# Franken Bow Moowhaaaaa !!!! Its ALive ITS ALIVE LOL



## hotwheels (Dec 5, 2006)

Six inch Brace
38 ATA
Parts from two different manufactures

325 fps at 60lbs and 28inch

I Love IT


----------



## buckbuster31 (Dec 3, 2009)

lets see it....


----------



## DssBB (Feb 21, 2010)

Tinker, it better not have pink strings on it or Andy's going to be pissed.


----------



## outdoorkid1 (Nov 20, 2010)

pics


----------



## cdhc10 (Jan 7, 2009)

Gotta see it or it didnt happen


----------



## Pierre Couture (Oct 28, 2004)

Pics please


----------



## oldschoolcj5 (Jun 8, 2009)

someone is gonna call bs on ya if you don't post pics


----------



## walnuts4x4 (Jan 11, 2010)

BS???? no "pichers"??? didn't happen if no pics


----------



## orarcher (Jun 3, 2006)

Ya right !!


----------



## martinman1969 (Feb 7, 2010)

what manufacturers?


----------



## The G (Nov 12, 2009)

I would say we have a man card violation here :wink:


----------



## carrothead (Oct 10, 2010)

The G said:


> I would say we have a man card violation here :wink:


 x2.


----------



## Dookie (Nov 29, 2010)

Hear, hear!


----------



## Just One (Mar 13, 2011)

Pictures "A "


----------



## Buster of Xs (Nov 28, 2008)

Come on, man. Pics and particulars.


----------



## orarcher (Jun 3, 2006)

He's obviously just jerking chains !!


----------



## BadgerT (Mar 23, 2011)

Cast my vote for *NON-BELIEVER*


----------



## bigbubba2001 (Sep 19, 2010)

me x2


----------



## Bullseye_62 (Oct 23, 2009)

carrothead said:


> x2.


X3. No pics=No Exist


----------



## huntnfishnut (Jan 12, 2011)

We need to know...


----------



## buckman2591 (Feb 6, 2011)

I call shenanigans!!!!


----------



## parkerd (Sep 30, 2010)

PICTURES!!!!!!!!!:angry:


----------



## GWN_Nuge (Oct 1, 2004)

Yup Tinker's man card is always in question

We put this thing together a couple weeks ago in the garage. He combined the riser from a Bowtech Pro 40 dually and mated up pockets, limbs and dually cams from another manufacturer. I built a set of Astro cables and strings, peaked at 60 lbs on the nose And yes it's cookin an arrow although the draw is a wee bit stiff


----------



## strikefirst (Mar 30, 2009)

BAHHHH!!!!!!

I think you just want to see how many times we'll come back to this thread to look for PICTURES!


----------



## kerrye (Sep 1, 2010)

Face it. Hotwheels is a spooooook.:thumbs_do


----------



## IrishnId (Jul 31, 2007)

Didn't happen. No proof.


----------



## b0w_bender (Apr 30, 2006)

I see revocation of said man card on the horizon!


----------



## woodyw333 (Feb 9, 2010)

I say REVOKED!!!


----------



## peregrine82 (Aug 25, 2007)

If Nuge said it happened then it exists, I am guessing Brian is somewhat camera and pic post challenged.


----------



## thunderbolt (Oct 11, 2002)

To say Brian is somewhat challenged is an understatement!

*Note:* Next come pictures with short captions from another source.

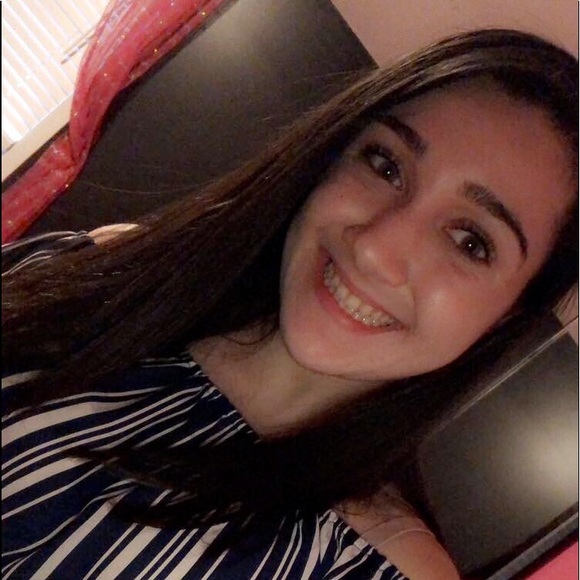 Profile Picture of Brianna Lennon (@bri_lennon_) on Poshmark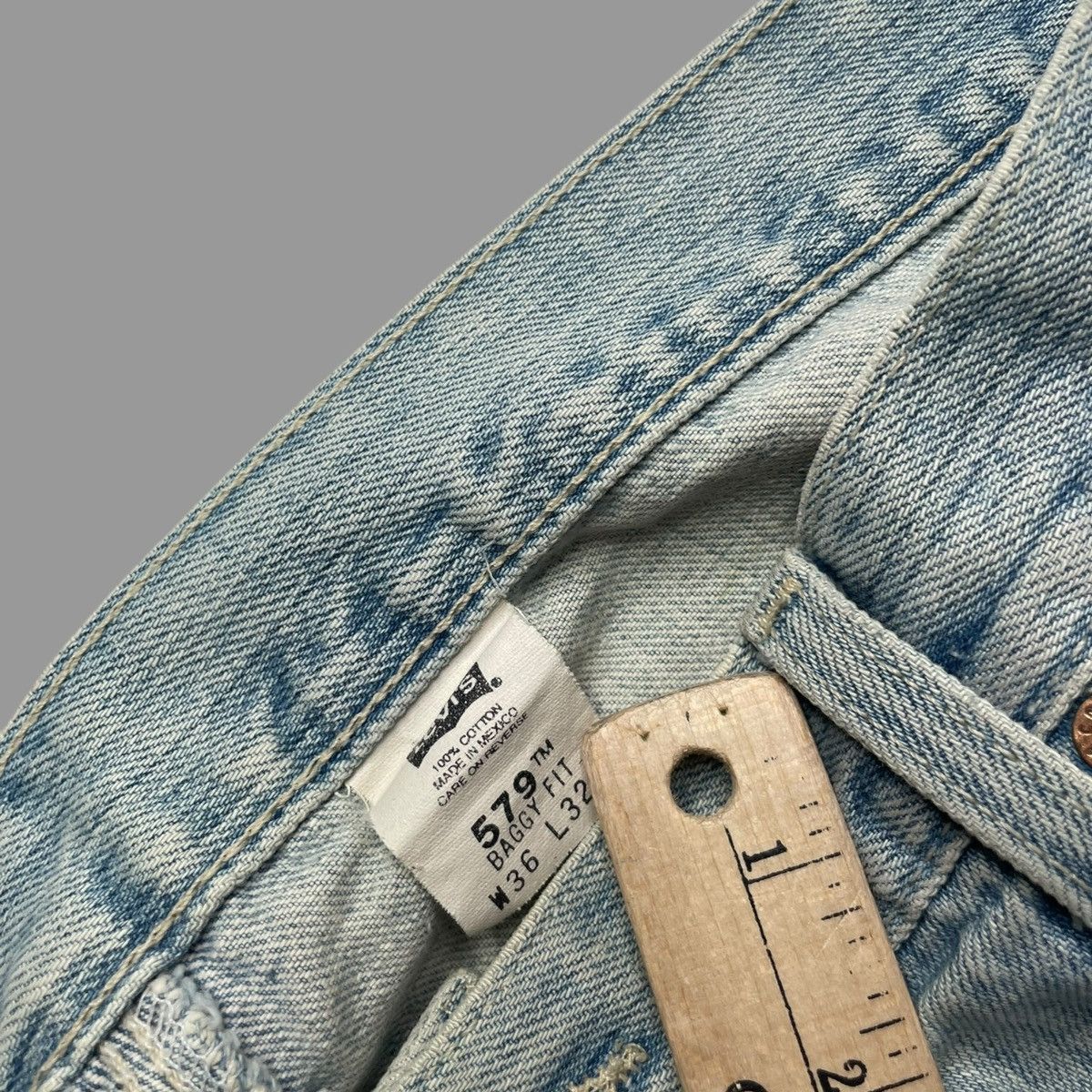 Levi's × Vintage Vintage 2001 Levi’s 576 baggy denim jeans Size US 36 / EU 52 - 4 Thumbnail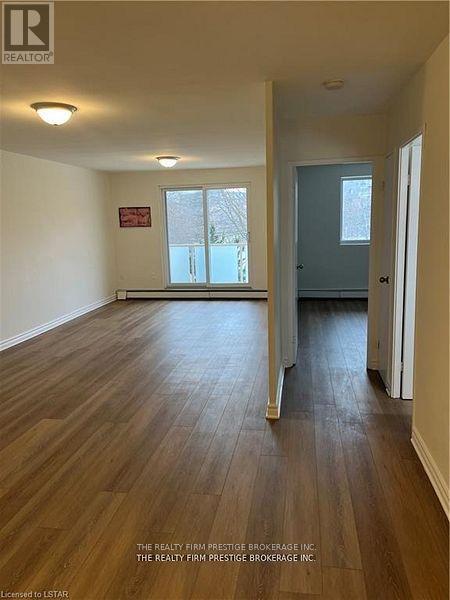 Photo 1 of 9 — 211 - 583 MORNINGTON AVENUE Unit 211, London East (East G), ON N5Y3E9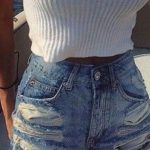 Denim Shorts Outfit Ideas 16 #womensoutfitideas | Cute outfits .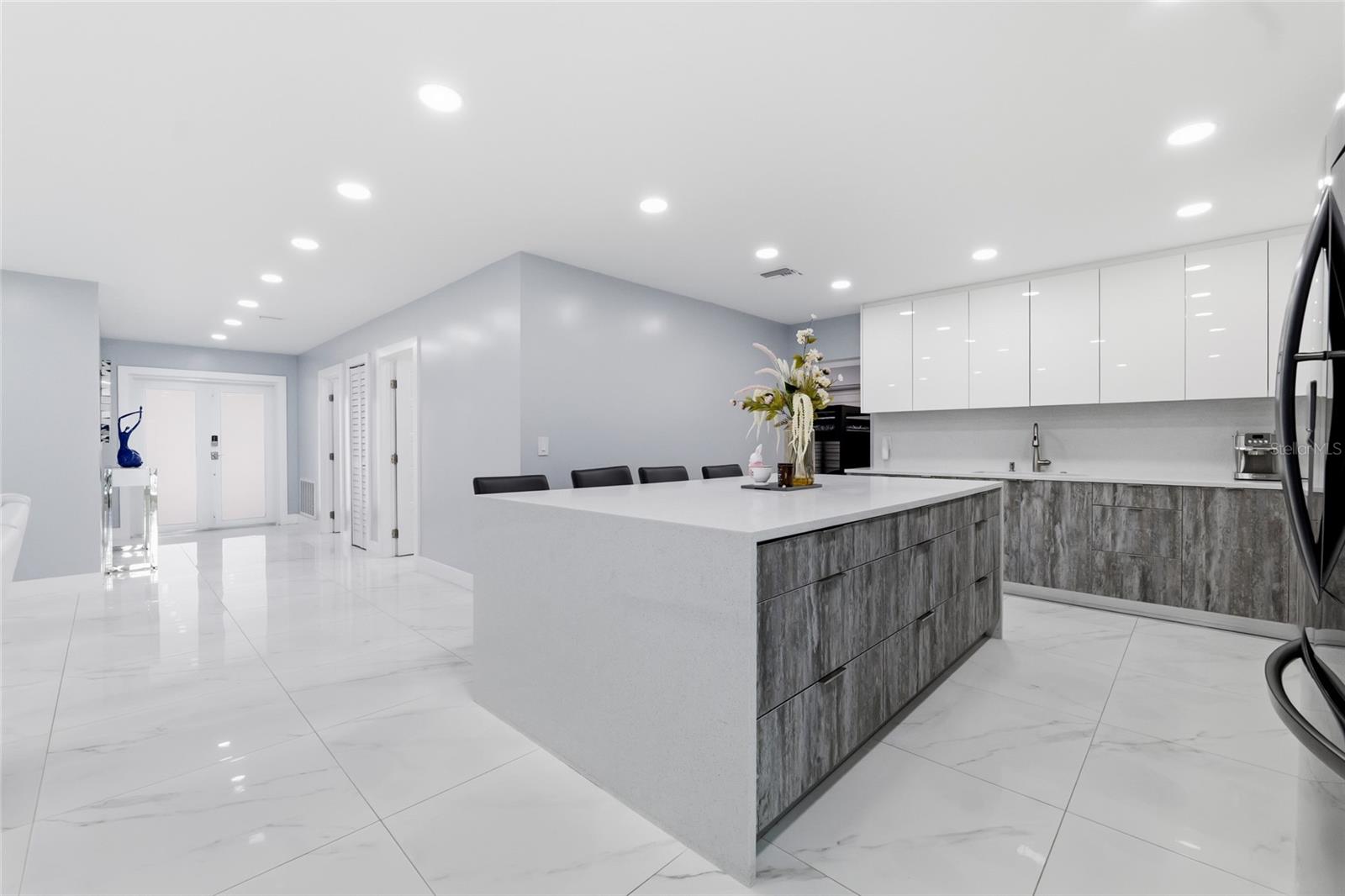 7101 SHENANDOAH CT — photo 11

This bow does exist, but for how long...
Any bow of Tinker's is due to be torn apart as soon as he gets it shooting good. Just need some of those speed knots in Nuges strings and then you'll be goood to go.


----------



## GWN_Nuge (Oct 1, 2004)

I'll tell him to get some pics up this weekend. He's probobly been too busy sending e-mails and stuff to post up a pic for you guys Not too much to look at but he's happy so that's all that matters.

Cheers,


----------



## hotwheels (Dec 5, 2006)

Wow i didn think this would get this much attention!!!
holy cow


Like GWN Nuge said not much to look at but man it smokes an arrow
I tink i can ge a couple more out of it too


----------



## hotwheels (Dec 5, 2006)

Give me some time and ill post a vid to disprove all the non believers


----------



## hotwheels (Dec 5, 2006)

Like Nuge said

Bowtech Pro Forty Riser (04)
DC Cams (04) 65% letoff and like Nuge said very harsh cam if ur a girly man LOL

Nuge Strings Astro Flight String and Cables (Thanks Bud u the Man)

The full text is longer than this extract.